El
escritor se sumergía en su cerebro buscando ideas para escribir. En
el taller literario que tomó para aprender a crear le enseñaron que
la inspiración no existía, pero había descubierto con los años
que al menos en su caso había una suerte de señal “divina” que
le llegaba y que le permitía escribir. Sin embargo, el hombre tendía
a deambular por la ciudad observando el entorno, y era ello en
realidad lo que le daba ideas para plasmarlas en el papel y le
permitía crear para eventualmente ser leído por alguien en algún
momento.
Esa
noche el hombre fue a un bar cerca de su casa a beber algunos tragos
para relajarse y pensar un poco acerca de su creatividad. Luego del
cuarto vaso de destilado su mente empezó a obnubilarse, a ver el
mundo moverse a su alrededor, y hasta a ver las cosas de un color
distinto; de pronto el hombre se quedó profundamente dormido sobre
la barra.
El
hombre despertó como a las cuatro de la mañana; al darse cuenta de
la hora se preocupó, pues el horario de cierre del bar era a las
tres. Al incorporarse, vio a u barman desconocido, vestido
formalmente y con un trato casi de diplomático. El hombre le
preguntó por la hora, a lo que el barman le dijo que no se
preocupara, que las restricciones horarias no existían en ese lugar.
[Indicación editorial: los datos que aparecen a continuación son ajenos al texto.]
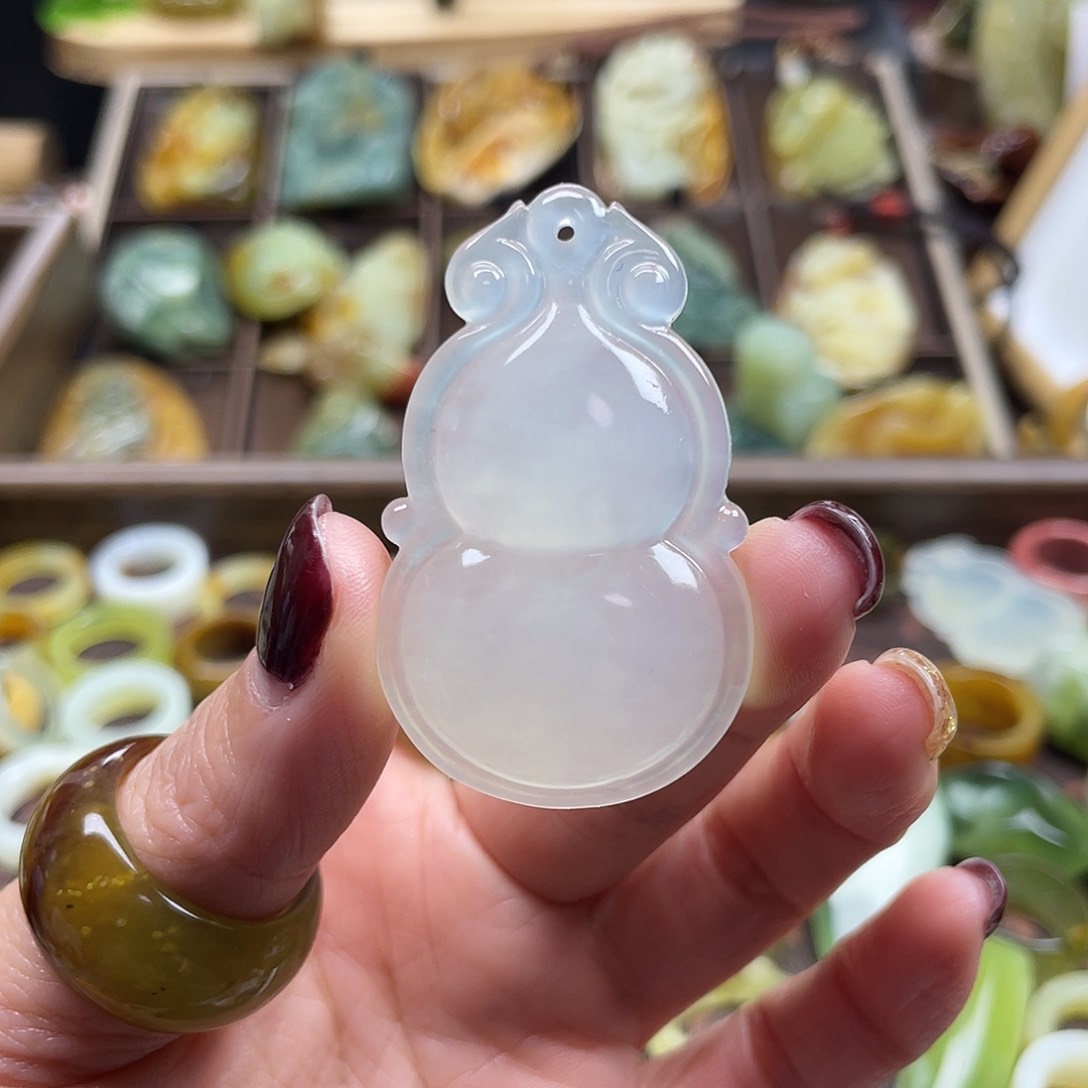 蛇纹石玉颈饰未镶嵌岫玉葫芦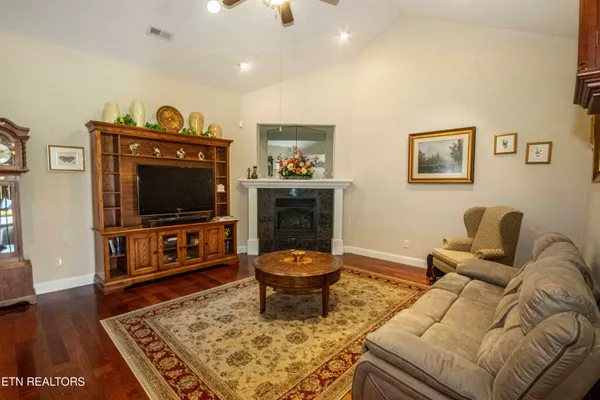 $519,900 | 7338 Napa Valley Way, Unit 12, Knoxville, TN 37931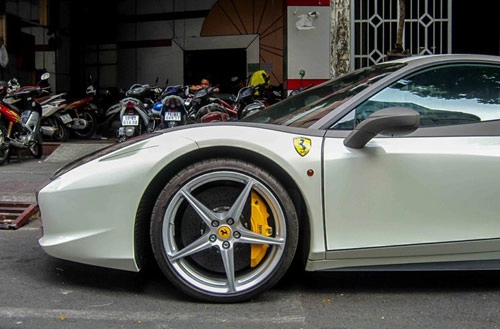 Ngắm chiếc ferrari 458 italia độc nhất việt nam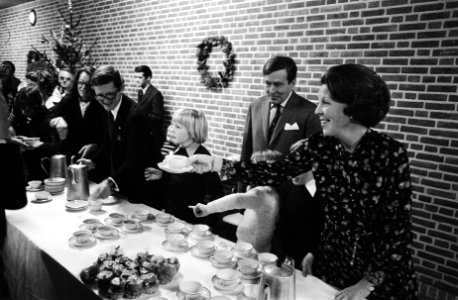 Kerstviering Koninklijke familie vlnr mr Van Vollenhove , Willem Alexander, Bestanddeelnr 929-4985
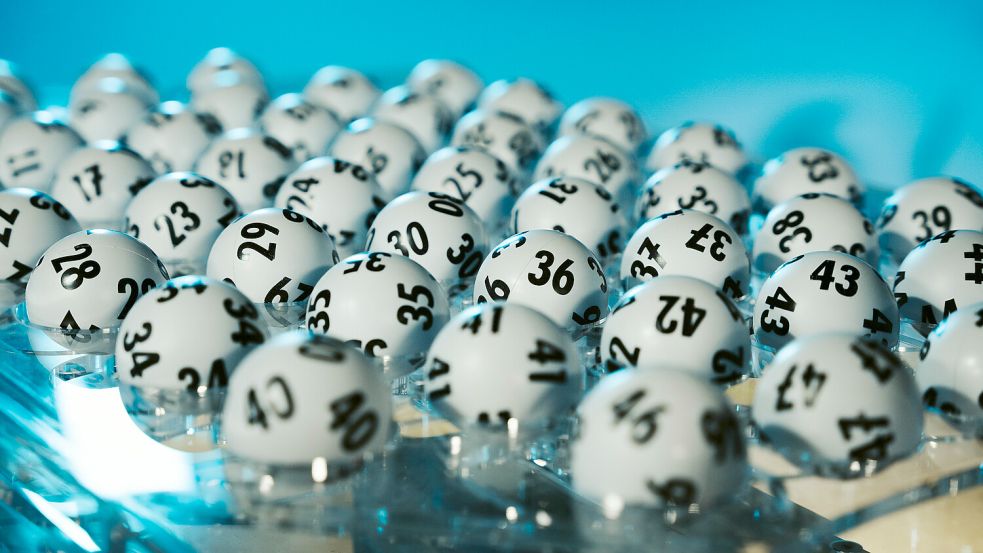 LOTTO 6aus49: Nordrhein-Westfale knackt den Jackpot / Rund 9 Millionen Euro gehen in den Rhein-Kreis Neuss Foto: WestLotto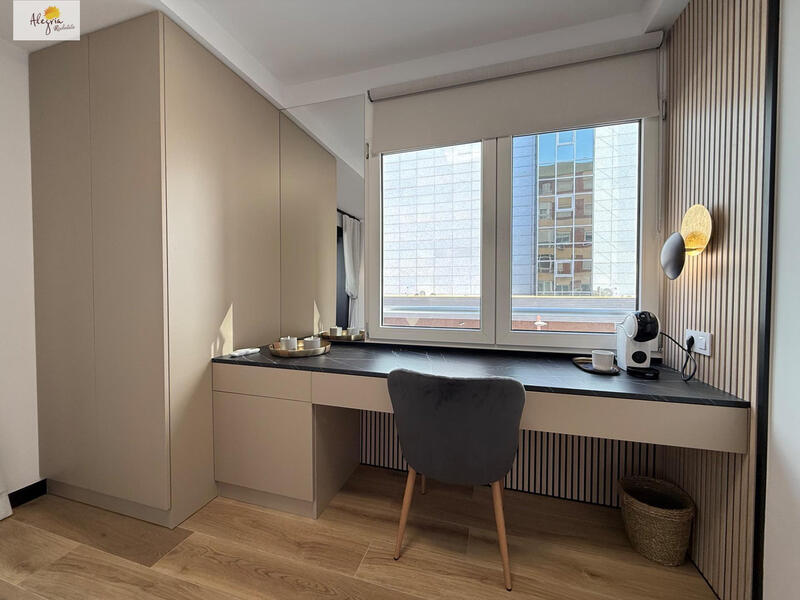 5 bedroom Apartment for sale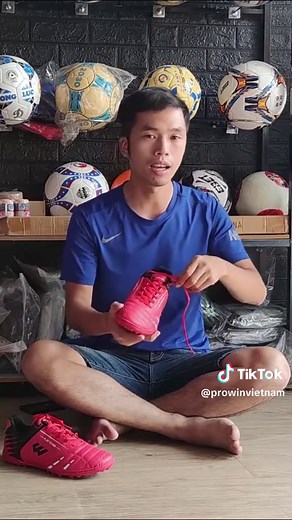 Review Prowin H21, mẫu giày đá bóng sân cỏ nhân tạo rẻ, bền, đẹp dành cho cầu thủ ưa thích lối đá kỹ thuật #madeinvietnam #prowin #giaydabongprowin #giaydabong #giaydabongsanconhantao #prowinsport #giaydabongsanconhantao #prowinsport #dabongphui #sanconhantao
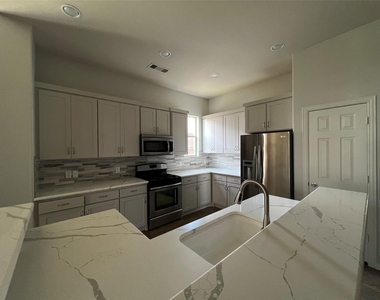 9405 Drovers View Trail - Photo Thumbnail 2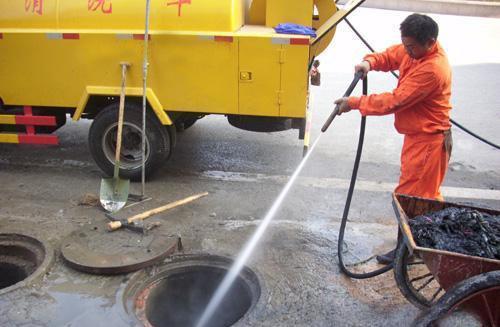 新春煥新顏 無錫專業(yè)下水道與污水池清理，構(gòu)筑潔凈家園喜迎佳節(jié)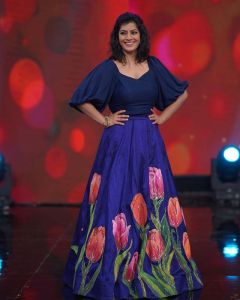 varalakshmi-sarathkumar-latest-photos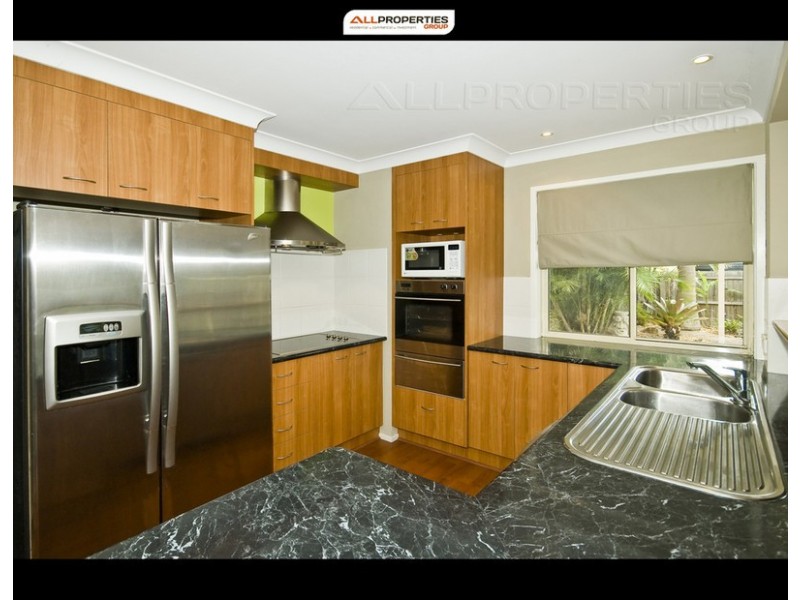 7  Cocoparra Crescent, Parkinson QLD 4115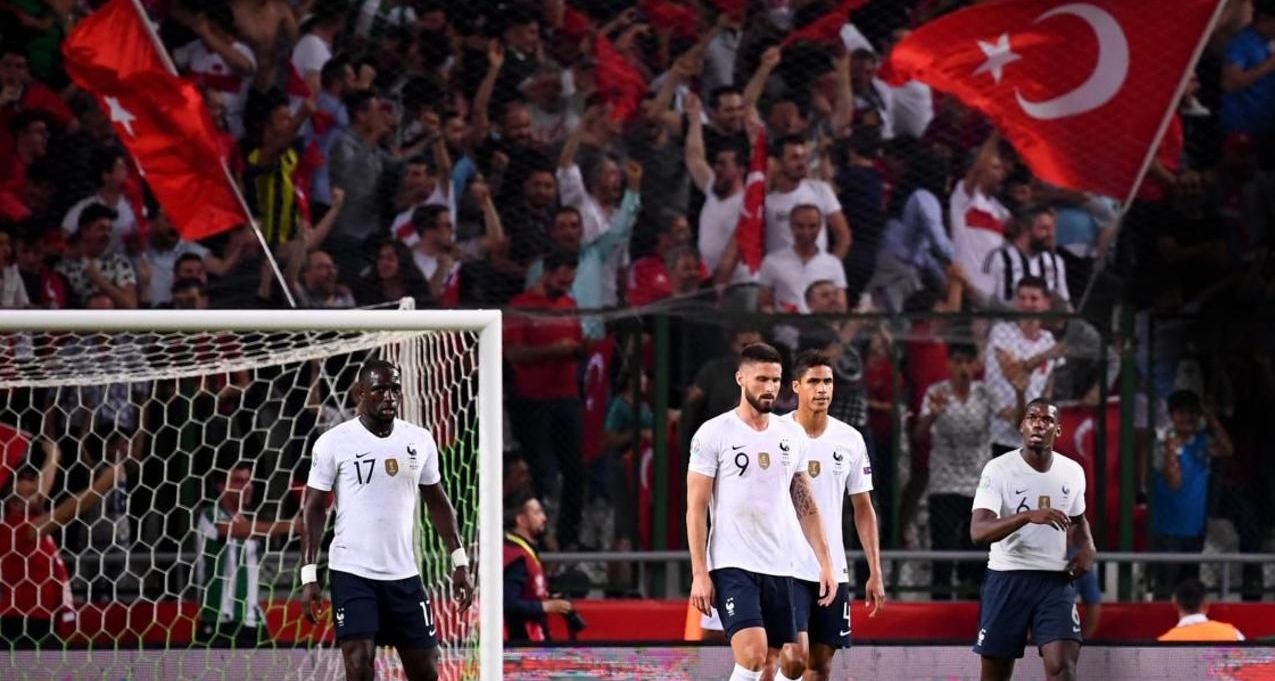 مباراة فرنسا وتركيا تخلق الحدث قبل انطلاقها وسياسيون يطالبون بالغاءها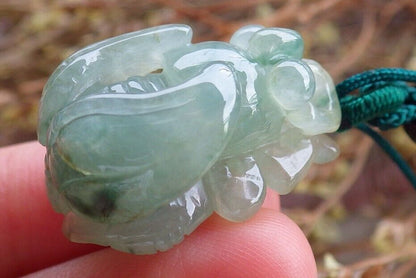 Certified Green 100% Natural A Jade jadeite Pendant Bee Necklace 蜜蜂 524228  TN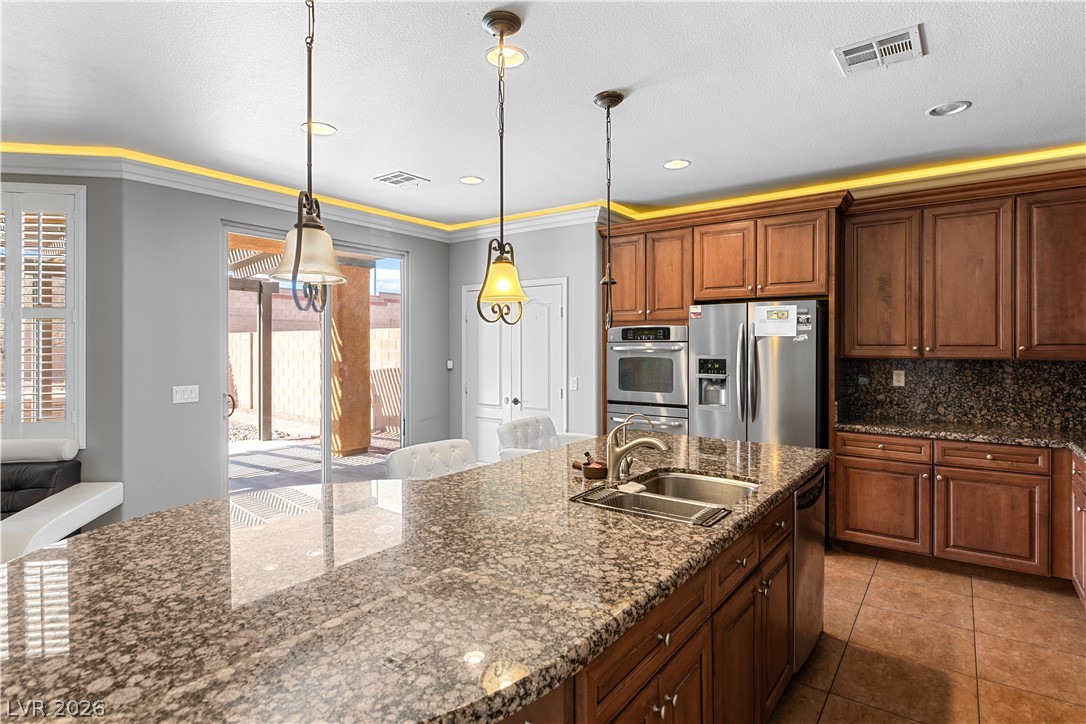 6855 Desert Island Street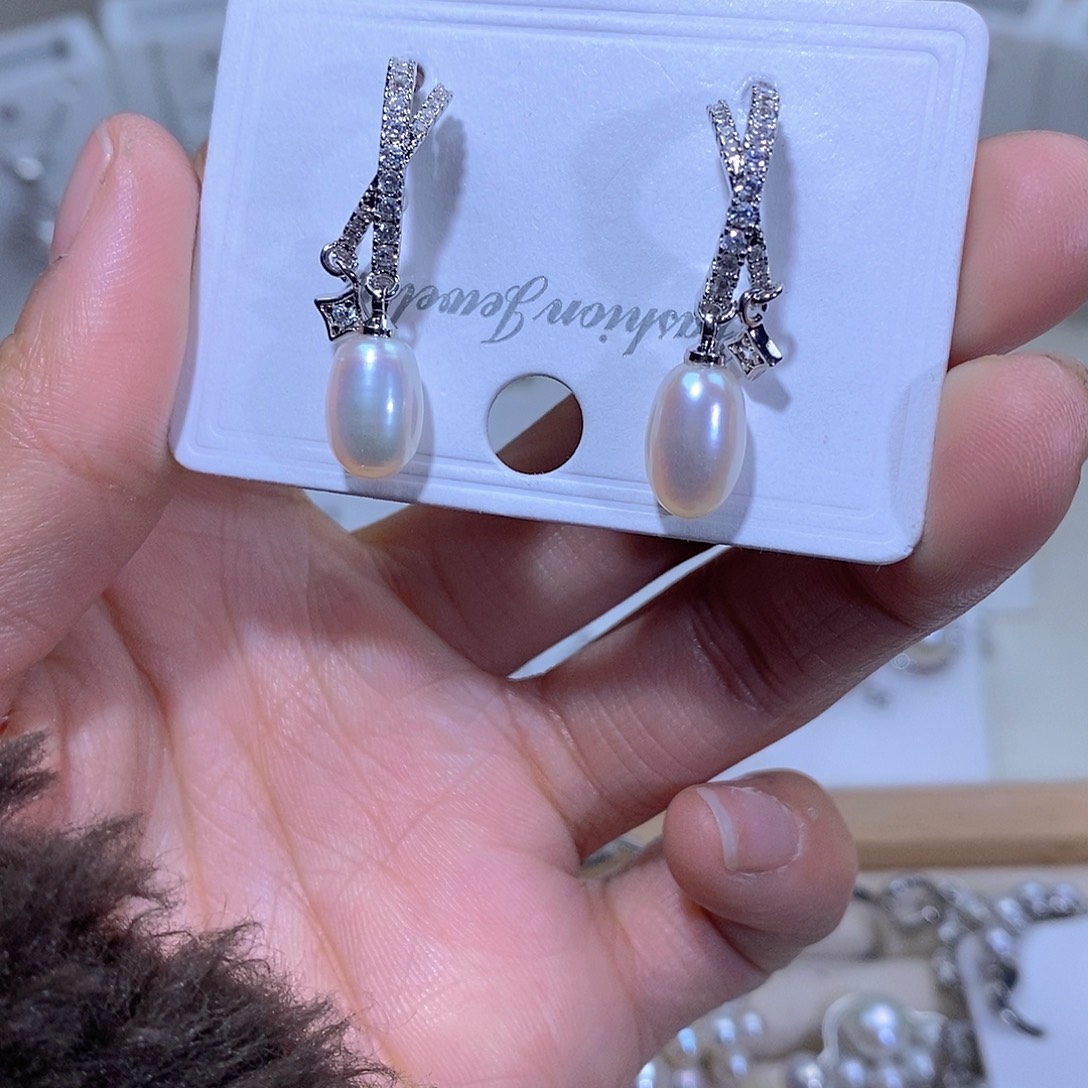 耳饰未镶嵌淡水珍珠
El hombre pidió el mismo destilado que lo había aturdido, el que
fue servido diligentemente por el hombre tras la barra quien luego de
ello, siguió lustrando vasos con un paño blanco.
El
hombre empezó a mirar su entorno; los comensales no tenía nada que
ver con aquellos que estaban cuando él llegó al local. Ahora había
gente ataviada más elegantemente que en un principio, con ropas de
calidad pero definitivamente extemporáneas; el modo de hablar de
todos tampoco parecía acorde a la época. De pronto el hombre se
fijó en las botellas ubicadas en un muro con un espejo en el fondo,
y recién empezó a entender.
El
hombre bebía tranquilamente en la barra. Al verse al espejo y no ver
imagen alguna reflejada en él, su memoria se refrescó. El hombre no
se había quedado dormido sino había muerto de un accidente vascular
en el lugar, quedando su alma capturada en el bar que albergaba a
todas las almas que había fallecido en el centenario local. El
hombre ya no tenía preocupaciones, pues no había dejado deudos, y
su exigua herencia no cambiaría en nada las arcas fiscales del país.
En ese momento su interés estaba centrado en una hermosa joven
ataviada con un traje que parecía sacado de la época del
Charleston, que había muerto ochenta años atrás, y que ahora lo
escuchaba interesada en sus aventuras como escritor.